My gardening heros, the Davises from Denver, used to send me homemade jars of rhubarb in exchange for some favor or another.
I don't remember the chore, but I do remember the treat: that nearly chalky, stringy goop with a sour/sweet flavor that reminds me so much of springtime in the North Country.
I know, sounds delish, right? But no, it is.
Consulting my notes, I see that it took me until 2017 to put in rhubarb plants at the Farm. It takes them a couple of years to get their feet under them, but they've done quite well. Enough for us to have a half dozen or so desserts in the last couple of years.
But is that really enough Rheum rhababarum? No.
Still, it was an extra surprise bonus that we acquired another patch of rhubarb this past summer.
The nearest small town (pop. 650 people) did earn a mention in a Neil Young song, but frankly, the Would-Be Farm is located somewhere just this side of Beyond. The wild-and-wooly frontier nature of the place is mostly lovely, but it does have the occasional drawback.
For instance, our former neighbors just to our north...nice folks, perhaps, but considerably more gun-happy than makes us entirely comfortable. Sure, fire your gun at a target, a varmint, dinner. But random gunfire? Combined with a LOT of empty bottles and very loud (and frankly awful) 1970's rock'n'roll? Oh boy.
So for the past couple of years, when these neighbors were in residence, my favorite skipper and I simply avoid the north section of that one field. Discretion being the larger part of not catching a piece of lead.

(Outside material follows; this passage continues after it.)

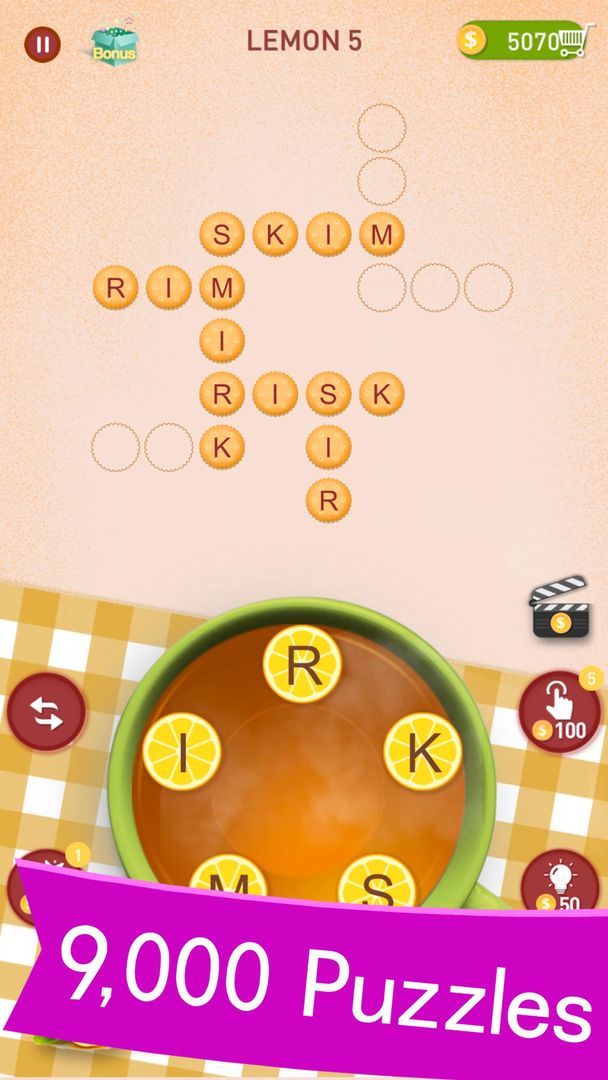 Screenshot of Word Break - Crossword Puzzle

It's not generally part of the culture out there near Beyond to call the coppers. Or at least not until things have escalated to the sort transgression that does deliberate physical harm. Holding a hootenanny at midnight on a Tuesday, well that's annoying, but live and let live. Letting your toddlers run loose at night –– well, that goes too far.
Anyhoo. Those lively neighbors with the large supplies of ammo moved along, leaving a "For Sale" sign behind them.
Things sometimes work themselves out.
Which is how the Would-Be Farm grew a little over the summer. We gained an additional 40 or so neglected old apple trees, an open field, and a honking big patch of rhubarb.